__WORK REQUEST__
Search the records for the string "Black". Copy each line where it occurs.

__RECORDS PROVIDED__
_ _ _ _ _

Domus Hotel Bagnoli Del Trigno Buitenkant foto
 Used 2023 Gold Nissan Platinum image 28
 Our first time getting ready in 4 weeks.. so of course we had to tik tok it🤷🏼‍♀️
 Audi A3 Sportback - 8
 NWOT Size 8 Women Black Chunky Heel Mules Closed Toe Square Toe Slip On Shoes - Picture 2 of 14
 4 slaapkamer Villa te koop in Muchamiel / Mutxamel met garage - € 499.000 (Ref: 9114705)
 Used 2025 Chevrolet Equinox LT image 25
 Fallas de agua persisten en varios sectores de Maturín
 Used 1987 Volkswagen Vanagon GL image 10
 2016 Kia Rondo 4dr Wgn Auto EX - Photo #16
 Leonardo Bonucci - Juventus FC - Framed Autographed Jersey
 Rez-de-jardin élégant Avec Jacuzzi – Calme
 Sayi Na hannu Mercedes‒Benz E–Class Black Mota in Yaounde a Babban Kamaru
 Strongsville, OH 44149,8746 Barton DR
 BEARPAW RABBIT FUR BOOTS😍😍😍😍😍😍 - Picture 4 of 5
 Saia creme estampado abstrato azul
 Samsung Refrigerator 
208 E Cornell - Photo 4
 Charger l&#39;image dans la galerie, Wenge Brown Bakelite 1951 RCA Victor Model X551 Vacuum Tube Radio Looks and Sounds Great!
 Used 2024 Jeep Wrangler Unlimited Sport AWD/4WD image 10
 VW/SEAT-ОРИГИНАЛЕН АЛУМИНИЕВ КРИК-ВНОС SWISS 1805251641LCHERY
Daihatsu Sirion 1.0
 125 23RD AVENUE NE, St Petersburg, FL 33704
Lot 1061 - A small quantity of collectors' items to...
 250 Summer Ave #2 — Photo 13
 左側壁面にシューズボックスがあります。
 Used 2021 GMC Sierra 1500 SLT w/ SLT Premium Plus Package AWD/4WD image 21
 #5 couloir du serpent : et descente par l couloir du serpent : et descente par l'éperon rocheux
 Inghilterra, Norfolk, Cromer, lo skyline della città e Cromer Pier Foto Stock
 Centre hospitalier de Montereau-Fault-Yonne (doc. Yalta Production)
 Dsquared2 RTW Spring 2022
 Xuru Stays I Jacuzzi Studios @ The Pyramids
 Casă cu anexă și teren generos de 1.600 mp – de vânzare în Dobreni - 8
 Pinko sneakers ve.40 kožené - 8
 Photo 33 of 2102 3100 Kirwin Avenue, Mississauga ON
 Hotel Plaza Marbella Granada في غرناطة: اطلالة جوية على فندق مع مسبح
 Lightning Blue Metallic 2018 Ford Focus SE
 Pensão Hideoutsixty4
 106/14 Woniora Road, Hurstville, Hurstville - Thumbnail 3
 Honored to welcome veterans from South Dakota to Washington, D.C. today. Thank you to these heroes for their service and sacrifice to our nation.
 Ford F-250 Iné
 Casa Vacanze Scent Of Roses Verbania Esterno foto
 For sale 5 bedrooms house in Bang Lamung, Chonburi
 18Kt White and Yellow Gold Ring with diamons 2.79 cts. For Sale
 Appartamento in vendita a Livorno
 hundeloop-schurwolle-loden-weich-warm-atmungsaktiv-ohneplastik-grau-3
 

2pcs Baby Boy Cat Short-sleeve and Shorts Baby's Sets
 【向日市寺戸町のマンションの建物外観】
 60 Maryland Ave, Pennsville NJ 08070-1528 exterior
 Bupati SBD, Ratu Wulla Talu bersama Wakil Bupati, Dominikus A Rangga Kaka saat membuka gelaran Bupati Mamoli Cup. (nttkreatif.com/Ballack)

_ _ _ _ _

__ANSWER FOR THIS EXERCISE__
 NWOT Size 8 Women Black Chunky Heel Mules Closed Toe Square Toe Slip On Shoes - Picture 2 of 14
 Sayi Na hannu Mercedes‒Benz E–Class Black Mota in Yaounde a Babban Kamaru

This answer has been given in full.